Pourquoi les acteurs qui se passionnent veritablement en déclamant, ne laissent-ils pas de nous émouvoir et de nous plaire, bien qu’ils aïent des défauts essentiels : c’est que les hommes qui sont eux-mêmes touchez, nous touchent sans peine. Les acteurs dont je parle sont émus veritablement, et cela leur donne le droit de nous émouvoir, quoiqu’ils ne soïent point capables d’exprimer les passions avec la noblesse ni avec la justesse convenable. La nature dont ils font entendre la voix supplée à leur insuffisance. Ils font ce qu’ils peuvent ; elle fait le reste. De tous les talens qui donnent de l’empire sur les autres hommes, le talent le plus puissant n’est pas la superiorité d’esprit et de lumieres : c’est le talent de les émouvoir à son gré, ce qui se fait principalement en paroissant soi-même ému et penetré des sentimens qu’on veut leur inspirer. C’est le talent d’être comme Catilina, cujus rei libet simulator, qu’on appellera, si on veut, le talent d’être grand comedien. Ceux des anglois qui sont le mieux informez de l’histoire de leur païs, ne parlent pas d’Olivier Cromwel avec la même admiration que le commun de la nation ; ils lui refusent ce genie étendu, penetrant et superieur que lui donnent bien des gens, et ils lui accordent pour tout merite la valeur du simple soldat et le talent d’avoir sçu paroître penetré des sentimens qu’il vouloit feindre, et aussi ému des passions qu’il vouloit inspirer aux autres, que s’il les avoit senties veritablement. Turlow, disent-ils, lui expliquoit dans le tems, et comme on l’explique à une femme qu’on veut faire agir dans une affaire importante, quelles personnes il falloit gagner pour faire réussir un projet, et par quel endroit il falloit les attaquer. Olivier leur parloit ensuite si pathetiquement, qu’il les gagnoit. L’Europe surprise de le voir détourner à son avantage l’évenement qu’on avoit cru le devoir perdre, lui faisoit honneur pour ce succès de trois vertus qu’il n’avoit pas : c’est ainsi que sa réputation s’est établie. Quelques contemporains d’un ministre des plus illustres que la France ait eu dans le dernier siecle disoient de lui quelque chose d’approchant.
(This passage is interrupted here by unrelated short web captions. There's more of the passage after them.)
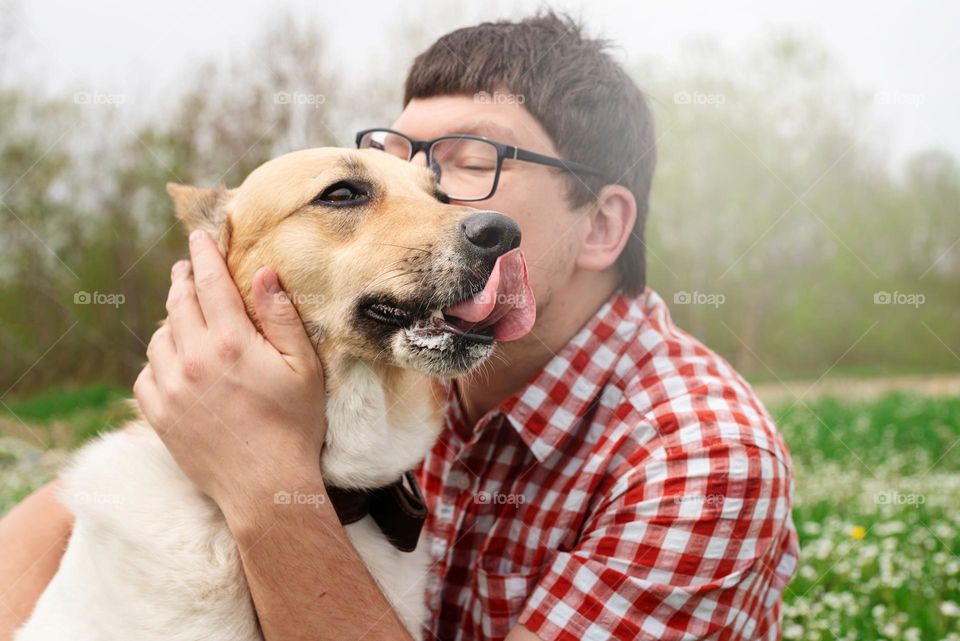 man kissing dog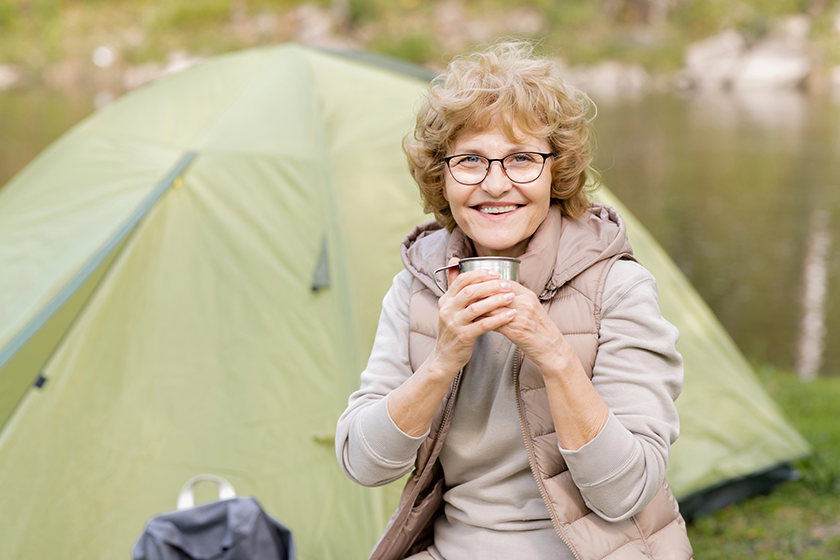 happy mature female hiker hot drink happy mature female hiker hot drink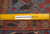 Ruler laid on the hand-knotted wool pile documenting knot density on this authentic handmade Persian rug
Quand nous sommes dans un de ces réduits où plusieurs joüeurs sont assis autour de differentes tables : pourquoi un instinct secret nous fait-il prendre place auprès des joüeurs qui risquent de plus grosses sommes, bien que leur jeu ne soit pas aussi digne de curiosité que celui qui se jouë sur les autres tables ? Quel attrait nous ramene auprès d’eux quand un mouvement de curiosité nous a fait aller voir ce que la fortune décidoit sur les théatres voisins ? C’est que l’émotion des autres nous émeut nous-mêmes, et ceux qui joüent gros jeu nous émeuvent davantage, parce qu’eux-mêmes ils sont plus émus. Enfin il est facile de concevoir comment les imitations que la peinture et la poësie nous présentent, sont capables de nous émouvoir, quand on fait reflexion qu’une coquille, une fleur, une médaille où le tems n’a laissé que des phantômes de lettres et de figures, excitent des passions ardentes et inquietes : le desir de les voir et l’envie de les posseder. Une grande passion allumée par le plus petit objet est un évenement ordinaire. Rien n’est surprenant dans nos passions qu’une longue durée.